THE APEX TIMES
Court narrows Terrifier actress Catherine Corcoran’s claims but keeps fight over 1% profits clause alive
A federal judge ruled that Catherine Corcoran’s breach-of-contract case can proceed, leaving for later a question over whether a deal for 1% of “profits” applies only to the original 2016 film or to the broader Terrifier franchise.
A federal judge in California has narrowed a lawsuit brought by actress Catherine Corcoran, but kept alive her central breach-of-contract claim seeking 1% of profits tied to the Terrifier horror franchise. The dispute turns on how the word “profits” in a backend deal should be interpreted, including whether it covers only the original 2016 film or extends across later franchise revenue, including sequels and related exploitation.
Corcoran, who played Dawn in Terrifier (2016), reached what she says is an agreement entitling her to 1% of profits from Terrifier. According to The Hollywood Reporter, her reading is that the payment should apply to the entire franchise, encompassing subsequent films and other revenue streams tied to the Terrifier intellectual property. The filmmakers’ position, as described by the outlet, is that the clause applies only to the original movie.
Judge André Birotte rejected a bid by the defendants to dismiss the case at this stage, finding that the contract presents “sufficient ambiguity” that warrants further proceedings. The ruling means Corcoran’s entitlement to a cut of profits from later installments will not be resolved now, and instead will be decided after the parties develop the factual and legal record.
The court’s order comes as the stakes of the dispute have grown with later box office and franchise activity. As reported by The Hollywood Reporter, Corcoran’s claimed 1% share would affect payments tied to Terrifier 2, which the article described as earning about $15 million, and Terrifier 3, which the article said earned roughly $90 million at the box office. The judge’s decision preserved the contract interpretation issue while trimming other parts of Corcoran’s lawsuit.
In arguing that the agreement extended beyond the original film, Corcoran pointed to the timing of payments. The Hollywood Reporter reported that she began receiving payments in 2022, more than seven years after the 2016 deal was reached. Corcoran contended this delay supports an inference that the defendants themselves treated the agreement as covering more than a two-year term limited to the first film.
The same order dismissed one of Corcoran’s additional claims, reported by The Hollywood Reporter as alleging a violation of California’s revenge porn statute related to a nude scene. The article said Birotte dismissed the claim because the production did not obtain Corcoran’s written consent as required by SAG-AFTRA for the exploitation of images from the scene, which she characterized as being filmed without approval to be used. The breach-of-contract dispute, however, remains in play.
Beyond the immediate courtroom question, the case highlights how backend profit clauses and consent requirements for on-camera material can become high-dollar issues in franchised entertainment. The next phase of litigation will focus on what the contract language covers and how the parties account for the relevant revenue tied to the Terrifier releases described in the reporting, while the dismissed statutory claim is no longer part of the federal case.

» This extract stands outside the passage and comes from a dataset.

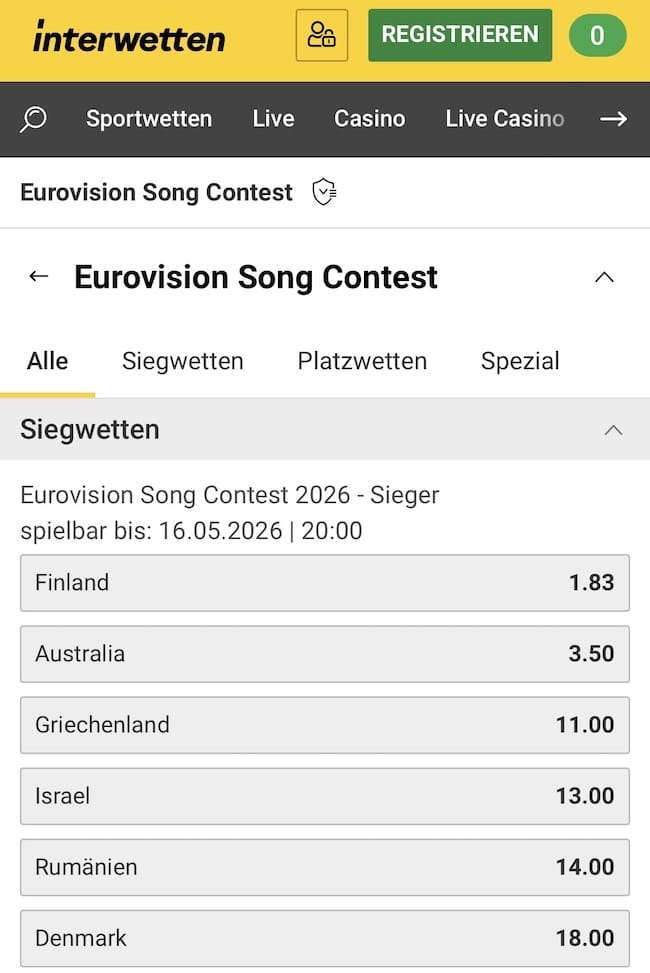 ESC Wetten Interwetten Freebet Österreich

If the parties do not resolve the matter earlier, further proceedings will determine whether Corcoran is owed money beyond what she has already received. The Hollywood Reporter previously reported that Corcoran’s suit alleged she had been paid roughly $8,300 to date, underscoring that the ongoing dispute is not only about interpretation but also about the size of any additional payments if her broader reading prevails.
Why It Matters
- The ruling keeps an interpretive fight alive over backend “profit” clauses, which can determine whether performers receive compensation tied to later franchise revenue.

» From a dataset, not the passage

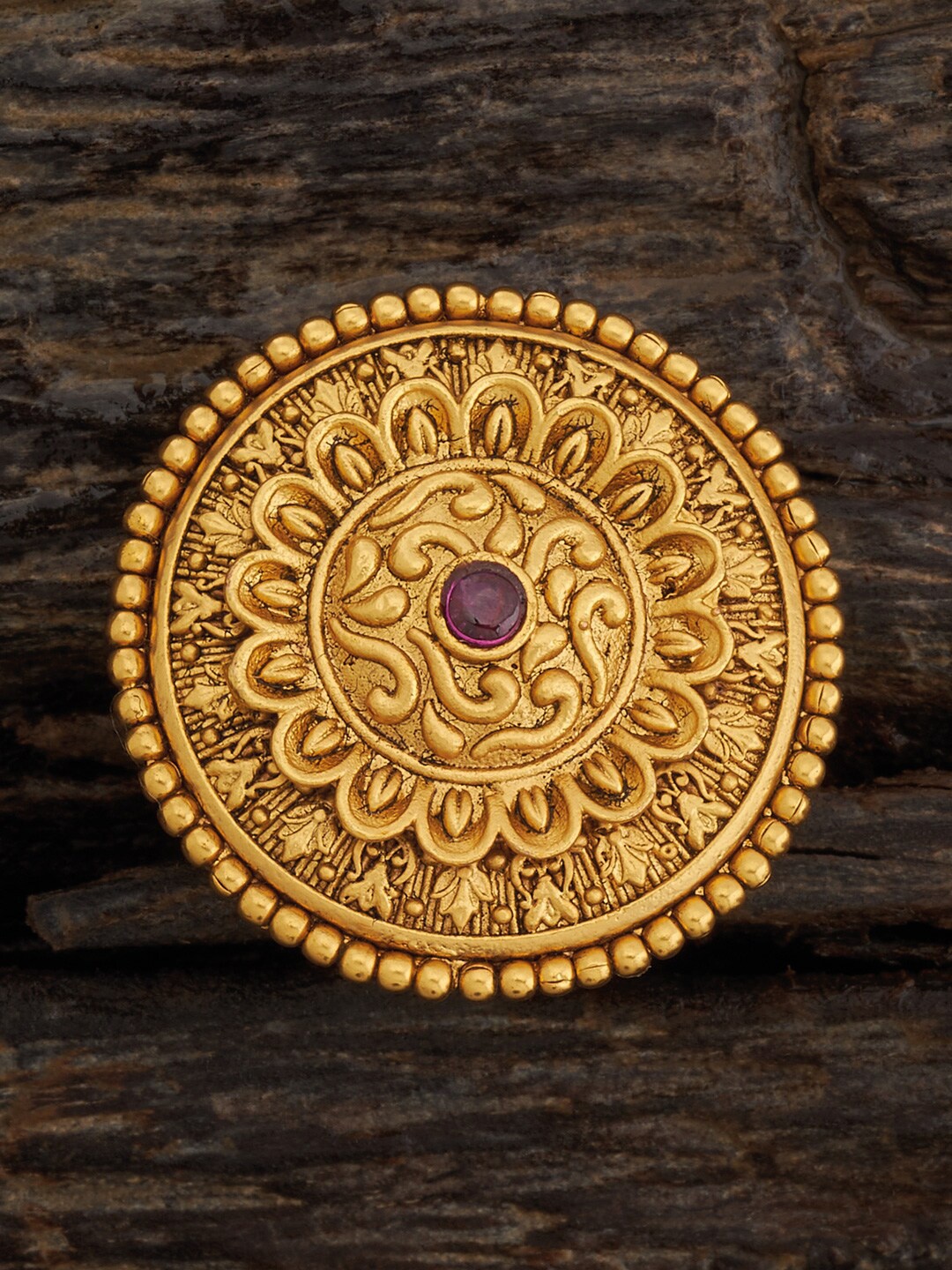 

Kushal's Fashion Jewellery Gold-Plated Stones-Studded Finger Ring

- The case affects not just a single film but the possible financial accounting across sequels and related exploitation, depending on what the court ultimately finds the contract covers.

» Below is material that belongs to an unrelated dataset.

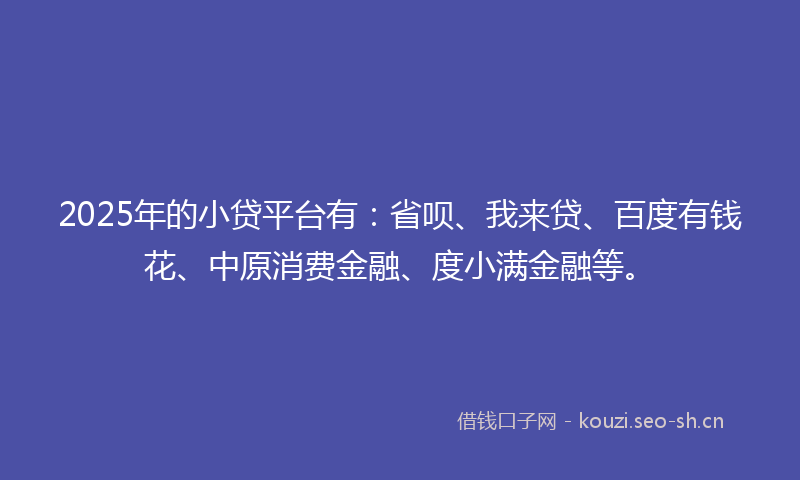 2025年的小贷平台有:省呗、我来贷、百度有钱花、中原消费金融、度小满金融等。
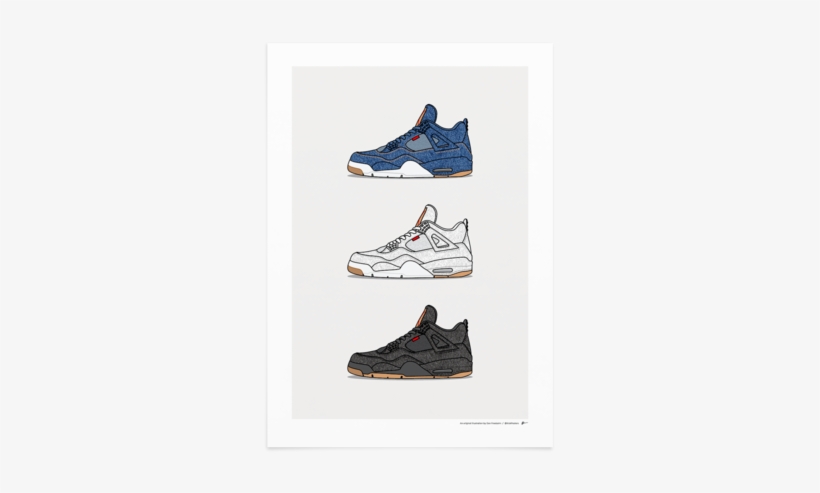 Triple Levi's Jordan - Kick Posters Jordan 4, transparent png download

- By rejecting a dismissal at the pleading stage, the judge indicated that factual development and legal interpretation are needed before any final determination of additional profit payments.
- The dismissal of the revenge porn statute claim narrows the litigation, concentrating resources on the contractual issue rather than statutory liability tied to the consent dispute as presented.
Key Facts
- Actress Catherine Corcoran sued over her backend deal for 1% of profits related to the Terrifier franchise.
- A federal judge, André Birotte, denied a request to dismiss the breach-of-contract case, citing ambiguity in the contract’s meaning.
- The dispute centers on whether “profits” in the agreement applies to only the 2016 film or to the whole franchise.
- The court’s ruling preserved the question of whether Corcoran is entitled to a share connected to Terrifier 2 and Terrifier 3 revenue, as described in reporting.
- Corcoran argued that payments beginning in 2022, years after the deal, indicated the contract was understood to cover more than the original film.
- The judge dismissed Corcoran’s separate claim alleging a violation of California’s revenge porn statute tied to a nude scene and consent requirements described as being under SAG-AFTRA rules.
- The federal case is proceeding on the contract interpretation issue while the dismissed statutory claim is not continuing in this matter.